◆ **What the exercise asks**
Each line of the data must reappear exactly in your answer, with no images included.

◆ **Source material**
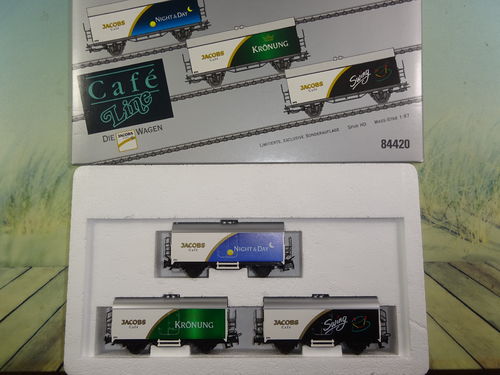 Märklin 84420 Jacobs Wagen-Set "Café Line" OVP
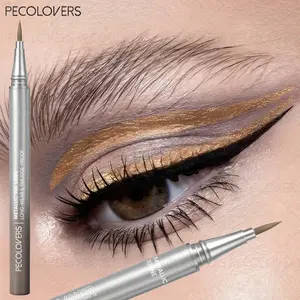 Ultra-fine Colored Metallic Shine Eyeliner, High Pigmented Smudge-Proof Waterproof, Metallic Blue Green Slivery, Smooth Glide, Glitchy Glam Makeup, Daily Party Stage Music Festival Eyeliner Pen, for All Types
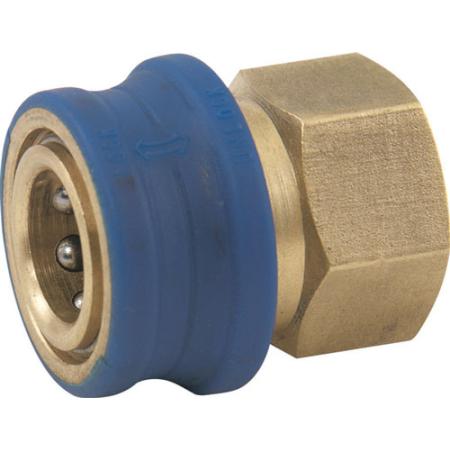 D10063 Pressure Washer Quick Coupler, EZ Grip Female Socket, 3/8 in. FNPT, Brass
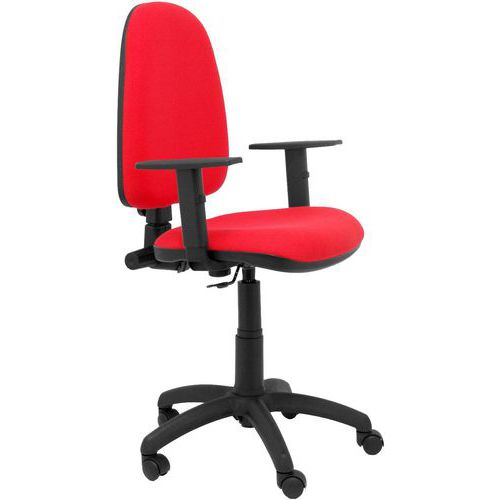 Chaise Ayna Bras Réglable - Roue Nylon - Rouge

◆ **Solution for this problem**
 Märklin 84420 Jacobs Wagen-Set "Café Line" OVP
 Ultra-fine Colored Metallic Shine Eyeliner, High Pigmented Smudge-Proof Waterproof, Metallic Blue Green Slivery, Smooth Glide, Glitchy Glam Makeup, Daily Party Stage Music Festival Eyeliner Pen, for All Types
 D10063 Pressure Washer Quick Coupler, EZ Grip Female Socket, 3/8 in. FNPT, Brass
 Chaise Ayna Bras Réglable - Roue Nylon - Rouge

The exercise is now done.